News of a Motor Racing Legends Race Meeting at the home of post-war British motor racing, Silverstone Grand Prix circuit, to fill the void of two planned late-season European events – was music to race-starved competitors’ ears.  The race day programme also featured two one-hour races, the first for 1950s Sports Racing Cars for the Royal Automobile Club Woodcote Trophy and Stirling Moss Trophy – the second, a Touring car race for the Historic Touring Car Challenge and Tony Dron Trophy with U2TC and Sixties Turing Car Challenge grids.

 

ROYAL AUTOMOBILE CLUB WOODCOTE TROPHY & STIRLING MOSS TROPHY

 

“It’s like riding a wild tiger on wet lino. And that’s in the dry,” is how Chris Milner described driving his ex-Mike Anthony Lister-Chevrolet Costin to pro co-driver Nigel Greensall, who converted the car owner’s promising start to victory in Motor Racing Legends’ 1950s sports car seasonal finale – “I kept them [the leaders] in sight, then Nigel wove his magic,” said the delighted Milner.

 

The battle up front was epic between Greensall and Andrew Robertson Smith, finishing super impressive E-type graduate Mark Donnor’s Jaguar-powered Lister Costin on a track left treacherous by overnight rain, exacerbated by low ambient temperature and little wind. Midlander Greensall reeled the Scot in with a devastating series of best laps and for several tours the slippery-bodied dark blue machines danced within a few cars’ lengths of each other.

 

Greensall eventually seized his opportunity when Smith slithered wide out of the tricky right-left-right-left Becketts complex and he unleashed Chevrolet Corvette V8 power to grunt ahead on the Hangar Straight just over three laps from home. “I was getting wheel spin in top gear, it was brilliant,” grinned Nigel, who placed his steed expertly thereafter to stem counter-attacks. Andrew didn’t give up as they continued to pick off lapped cars, but there was nowhere to make any potential move stick. He finished a fifth of a second behind his bellowing rival at the chequered flag.

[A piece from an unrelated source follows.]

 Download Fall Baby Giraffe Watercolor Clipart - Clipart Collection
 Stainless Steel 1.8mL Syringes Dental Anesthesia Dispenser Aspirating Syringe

Former Porsche Carrera Cup UK champion Mark Cole finished brilliant third on his first experience of JRP Racing’s 1956 Lotus-Climax 11, powered by a 1460cc Coventry-Climax FWB engine. Maximising the little blue carpet slipper’s cornering ability to keep larger-engined machines at bay ‘Coley’ finished ahead of Royal Automobile Club Woodcote Trophy winners Fred Wakeman/Patrick Blakeney-Edwards (Equipe Endeavour Cooper-Jaguar T38) and Germany Rudi Friedrichs in his Jaguar C-type, a superb New Zealand-built evocation of the works drum-braked ’51 Le Mans winner. Aviator Steve Boultbee Brooks was classified sixth, the last driver to cover the full distance in his glorious Jaguar D-type.

 

Race in detail:

Donnor growled ahead as the opening one-hour race of the day got underway, with Cole clinging on in the Lotus and Friedrichs going with them. Milner, Spiers and Wakeman led the chase initially, with Brooks, Justin Maeers, Pochciol (slipping back), Dalglish, Reed and Mahmoud chasing.

 

Friedrichs climbed to second on lap two and Spiers displaced Cole to go third next time round, although the four leaders remained tightly bunched. As did pursuers Milner, Maeers and Wakeman as Justin wriggled to the head of the trio. Spiers deposed Woodcote pacesetter Friedrichs at Club, only to lose out as Cole out braked them both audaciously to regain second.

 

Both Donor and Cole made their mandatory pit stops just after the window opened, having completed nine laps. Friedrichs stopped at the end of his 10th, Maeers taking over the lead from Spiers and Wakeman as Milner relayed Greensall just before half-way on TSL’s clocks. Dalglish locked-up and spun at Vale, but quickly recovered his composure and continued.

 

Once Maeers had put his lad into bat and Needell had relieved Spiers on successive laps, the pit stagger unwound restoring the swoopy-bodied Listers – now in the command of Smith and Greensall – to the top of the lap charts. Andrew had survived a half-spin at Vale (“it’s very easy to lock the rear brakes in these conditions”) but he still had an advantage of more than 11 seconds with a third of the race remaining.

 

 

Greensall, who loves a pursuit, threw caution to the breeze, braking later and using the Chevy engine’s torque in a higher gear to restrict wheel spin as he eroded the deficit to Smith. Down it continued to come with five fastest laps in six – 9.5s, 6.9s, 7.3s (through traffic), 6.2s and 5s – then, with a magnificent effort and the leader stuck behind an XK mid-Club, Nigel pounced. Once ahead he could win the straight-line drag races, but even his rival’s final salvo which stood as the race’s best lap the order remained.

 

Class winner Cole was a gallant third ahead of Friedrichs on the road, but when a stop-go penalty served by Blakeney-Edwards for a short stop was expunged as a timing glitch, Wakeman/PBE were confirmed as fourth and Woodcote Trophy victors, in front of Rudi. Needell guided Spiers’ black Lister home sixth ahead of Brooks, third of the Woodcote contestants.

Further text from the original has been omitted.